● TASK DESCRIPTION
The whole listing below, with no pictures, is to be repeated as it stands.
********************
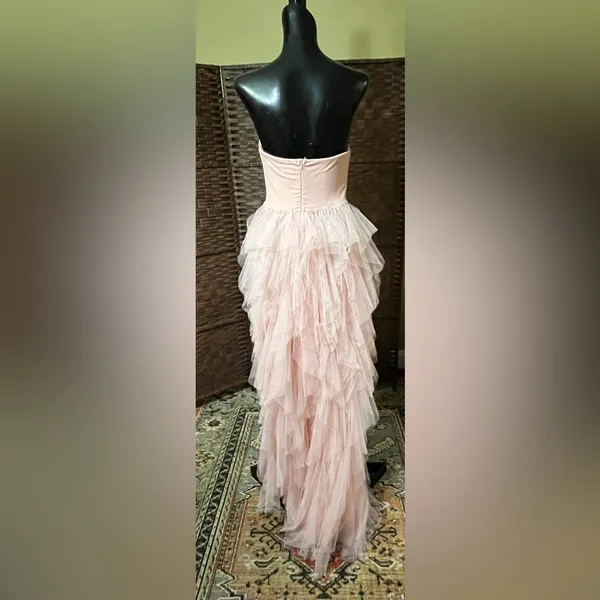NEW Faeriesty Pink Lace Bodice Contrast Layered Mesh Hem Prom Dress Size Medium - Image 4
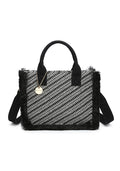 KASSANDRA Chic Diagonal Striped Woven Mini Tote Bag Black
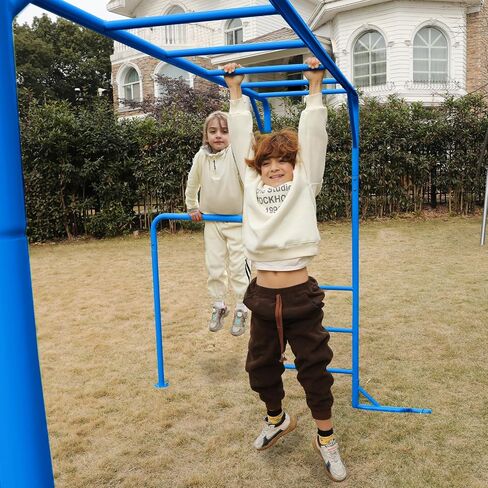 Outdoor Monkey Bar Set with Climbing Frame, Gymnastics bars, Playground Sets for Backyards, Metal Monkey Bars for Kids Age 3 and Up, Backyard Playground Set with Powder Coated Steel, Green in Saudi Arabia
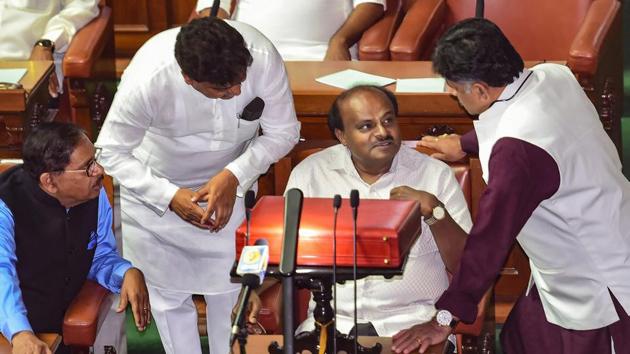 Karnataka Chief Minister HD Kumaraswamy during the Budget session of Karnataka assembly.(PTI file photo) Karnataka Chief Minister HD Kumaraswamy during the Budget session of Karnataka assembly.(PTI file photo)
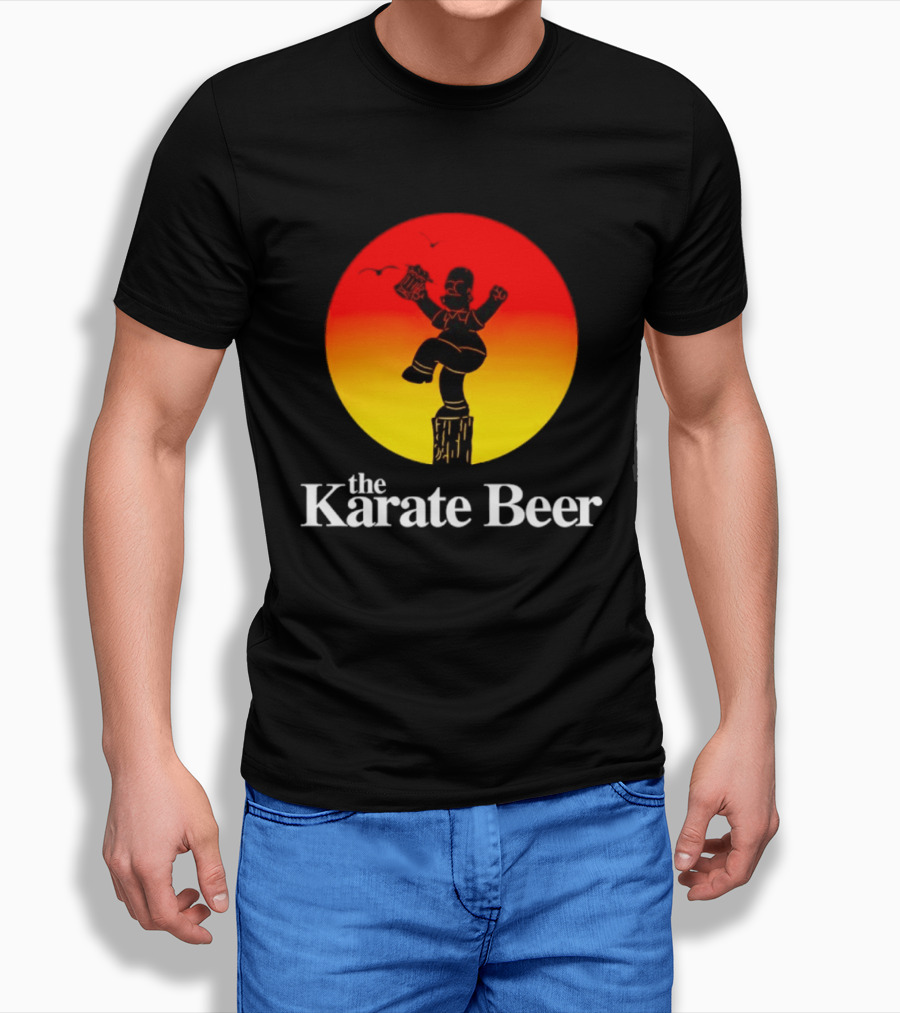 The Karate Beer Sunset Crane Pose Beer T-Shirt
********************
● REPLY
NEW Faeriesty Pink Lace Bodice Contrast Layered Mesh Hem Prom Dress Size Medium - Image 4
 KASSANDRA Chic Diagonal Striped Woven Mini Tote Bag Black
 Outdoor Monkey Bar Set with Climbing Frame, Gymnastics bars, Playground Sets for Backyards, Metal Monkey Bars for Kids Age 3 and Up, Backyard Playground Set with Powder Coated Steel, Green in Saudi Arabia
 Karnataka Chief Minister HD Kumaraswamy during the Budget session of Karnataka assembly.(PTI file photo) Karnataka Chief Minister HD Kumaraswamy during the Budget session of Karnataka assembly.(PTI file photo)
 The Karate Beer Sunset Crane Pose Beer T-Shirt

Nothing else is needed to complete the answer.